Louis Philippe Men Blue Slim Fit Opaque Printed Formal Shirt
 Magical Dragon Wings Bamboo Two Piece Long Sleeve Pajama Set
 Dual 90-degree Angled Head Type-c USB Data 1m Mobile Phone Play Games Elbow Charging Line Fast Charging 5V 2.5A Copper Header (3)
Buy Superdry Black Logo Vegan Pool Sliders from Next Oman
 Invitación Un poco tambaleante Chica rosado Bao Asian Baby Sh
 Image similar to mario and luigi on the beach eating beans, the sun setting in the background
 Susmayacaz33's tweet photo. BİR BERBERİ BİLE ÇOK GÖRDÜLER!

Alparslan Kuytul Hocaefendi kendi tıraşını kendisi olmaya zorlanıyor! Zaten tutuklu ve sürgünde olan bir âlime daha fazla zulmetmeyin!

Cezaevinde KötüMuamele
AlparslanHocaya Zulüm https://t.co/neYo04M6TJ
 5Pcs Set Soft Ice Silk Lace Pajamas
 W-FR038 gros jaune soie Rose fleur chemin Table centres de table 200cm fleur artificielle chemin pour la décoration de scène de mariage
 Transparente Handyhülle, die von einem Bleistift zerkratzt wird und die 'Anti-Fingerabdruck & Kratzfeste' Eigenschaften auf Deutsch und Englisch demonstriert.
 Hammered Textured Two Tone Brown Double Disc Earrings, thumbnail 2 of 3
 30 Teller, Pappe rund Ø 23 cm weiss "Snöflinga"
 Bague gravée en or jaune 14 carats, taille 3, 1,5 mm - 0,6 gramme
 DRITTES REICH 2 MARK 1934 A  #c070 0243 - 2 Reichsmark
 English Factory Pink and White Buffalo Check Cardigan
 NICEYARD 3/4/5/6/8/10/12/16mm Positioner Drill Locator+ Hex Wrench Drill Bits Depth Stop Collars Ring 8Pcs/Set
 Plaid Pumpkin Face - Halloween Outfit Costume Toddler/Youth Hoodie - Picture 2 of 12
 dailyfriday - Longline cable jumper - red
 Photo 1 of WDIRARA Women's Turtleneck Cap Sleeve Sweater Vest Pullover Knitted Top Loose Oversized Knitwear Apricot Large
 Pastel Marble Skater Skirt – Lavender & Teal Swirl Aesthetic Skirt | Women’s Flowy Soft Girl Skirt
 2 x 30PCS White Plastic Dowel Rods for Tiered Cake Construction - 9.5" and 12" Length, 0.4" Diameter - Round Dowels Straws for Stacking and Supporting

[TASK DESCRIPTION]: For the entries above, state how many lines contain the word "Soft". Provide the number by itself.

[THE COMPLETED TASK]: 2